According to the rule of Implicit type conversion, if one operand is unsigned int,the other will be converted to unsigned int and the result will be unsigned int in a binary operation. so here as b is unsigned int, a should be type casted to unsigned int.As unsigned int is always +ve , so the value of a will be 1.so c=1+1=2.But the output is 0.How ?

Answer 1

-1, when cast to unsigned will become the largest possible value for that type -- e.g. with a 32-bit unsigned, it'll be 4,294,967,295. When you add 1 to that, the value "wraps around" to 0.

Answer 2

Modern machines mostly uses two's complement representation for negative numbers. When two numbers are added, if any of them is negative, it will be first converted to two's complement representation. then these two numbers will be added. So computers usually performs 1 - 1 as 1 + two's complement of (-1). This results to 0.
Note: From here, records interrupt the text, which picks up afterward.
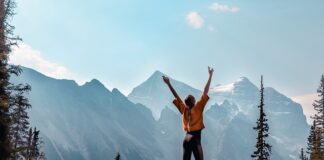 Czy nowe programy nauczania mają numery dopuszczenia?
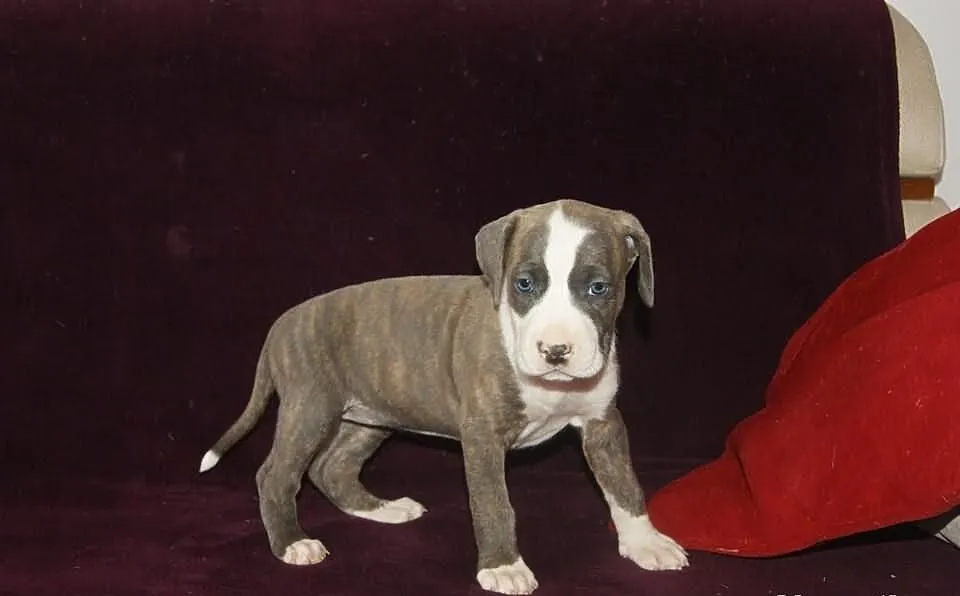 Pit bull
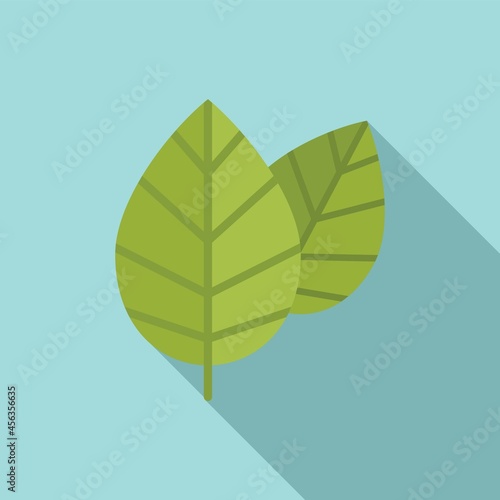 Aromatic basil food icon flat vector. Herb leaf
For 1 - 2, it is 1 + two's complement(-2). Check this program, same number, different representation:

int main()
{
    signed int a = 1;
    unsigned int b = -2;

    int c = a+b;

    printf("%d\n%u\n", c, c);

    return 0;
}

Please read about two's complement representation. You'll need that to become a programmer.

Answer 3

"a should be type casted to unsigned int. As unsigned int is always +ve , so the value of a will be 1."

Correct up to "will be", but not thereafter ;-)

The result of converting a signed integer to unsigned is specified in the standard, 6.3.1.3/2:

if the new type is unsigned, the value is converted by repeatedly adding or subtracting one more than the maximum value that can be represented in the new type until the value is in the range of the new type

In other words, the negative value is converted to unsigned by taking its value modulo some power of 2, not by flipping the sign.